The small numbers you see on the brass plate are 1/32" high,with serifs. I spent many years looking for old stamp sets with serifs. To make a nice item,and use the regular"Gothic" stamps you can get today is just not suitable.

Pump drills,which I made quite a few of years ago,were used to drill the holes initially. Then,I used a small center drill(as used in the lathe) in a drill press,to drill the holes deeper,and to add the countersinks that help guide the indexing pin into place.

I am not recommending the use of brass for index plates,but I have used this device carefully for about 35 years without scarring it up. This is what comes of working in a museum!! Beautiful,but not the most practical metal.

The knobs were made and knurled with old fashioned rounded knurls that I have made by running blank knurls against taps. I need to post knurl making here,but I am a bad photographer,and really need to re shoot some of my pictures first.

The brass disc is 1/4
 thick,and 5"in diameter. The color shown in these pictures is the true color of the brass. I only handle it with nitrile gloves to not disturb the patina. The brass is 260 alloy.

P.S.: I have decided to include a picture of pump drills I made,as you may not know what they are. They work on the same principal as the old child's game of whizzing a button back and forth between the fingers,suspended on strings. The leather strip is wound onto the steel shaft with a quick twist of the little brass wheel that tightens the drill bits in. Only takes a second. Then,the drill is placed on the punch mark,and the wooden handle is pressed down,starting the drill spinning. The inertia of the brass flywheel carries the steel shaft around till the leather cord is wrapped around the steel shaft again. The wooden cross bar is raised up higher when the leather is all wrapped up. Then,you push down on the cross bar to spin the flywheel the other way,and so on. 

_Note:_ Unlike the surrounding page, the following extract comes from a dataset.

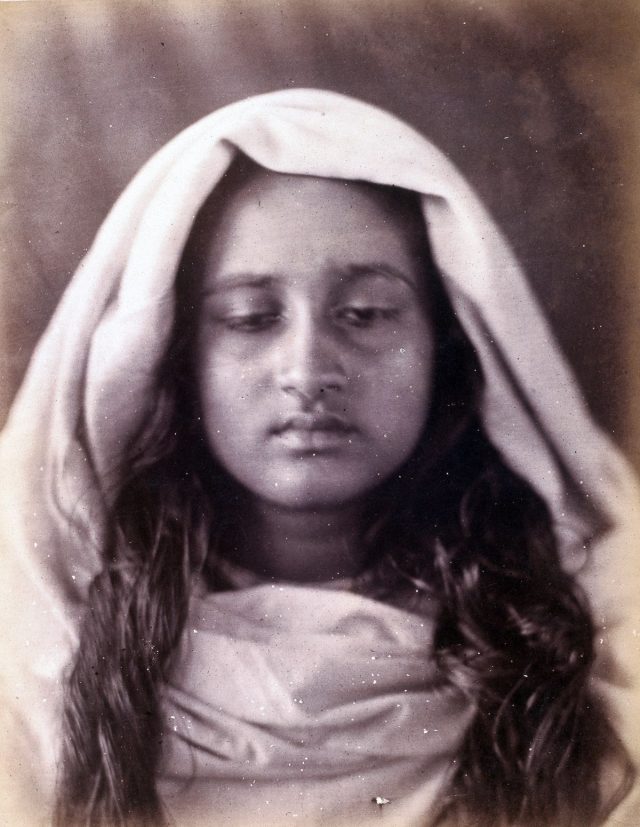 Julia Margaret Cameron’un Victoria Dönemi Portre Fotoğrafları 4 1877 A Sri Lankan girl. 640x827 1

This whole operation takes just a few seconds to do. The thing is,you can drill exceedingly accurately placed holes with a pump drill,and some clock makers or jewelers still use them. If you see that the hole is a little off center,just tilt the drill to bring it back. Only good for small holes,usually of 1/16" or less.

I made the bits. They have a 1/8" shank,and the cutting ends are hammered flat,and filed to a vee shaped tip,the lips filed to cut like an ordinary drill. The drill bits are 1/8" drill rod,hardened and drawn to dark straw.


----------



## HMF (Jan 7, 2012)

Beautiful work, as usual George.

This will be an article in the machining projects section of the home page.

Nelson


----------



## george wilson (Jan 7, 2012)

Thank you,Nelson,and EdK. I was not sure if I posted the dividing plate before,and the pump drills are new,because I just scanned my slides for the first time ever. Glad you are enjoying the pictures. I'll warn you that some of my pictures are not very good,and many date before digital cameras.


----------



## sic semper tyrannis (Jan 7, 2012)

WOw that is stunning!!!

What other work do you do for the museum?


----------



## churchjw (Jan 7, 2012)

As always George stunning and inspiring.  

Jeff


----------



## jgedde (Jan 7, 2012)

churchjw said:


> As always George stunning and inspiring.
> 
> Jeff



Amazing!  Funny thing is I looked at the pictures before I read the post and knew you were the poster by your work!


John


----------



## george wilson (Jan 7, 2012)

You remove the regular handle on the rotary table,and mount the dividing unit on the shaft,just like commercial dividing outfits for rotary tables work.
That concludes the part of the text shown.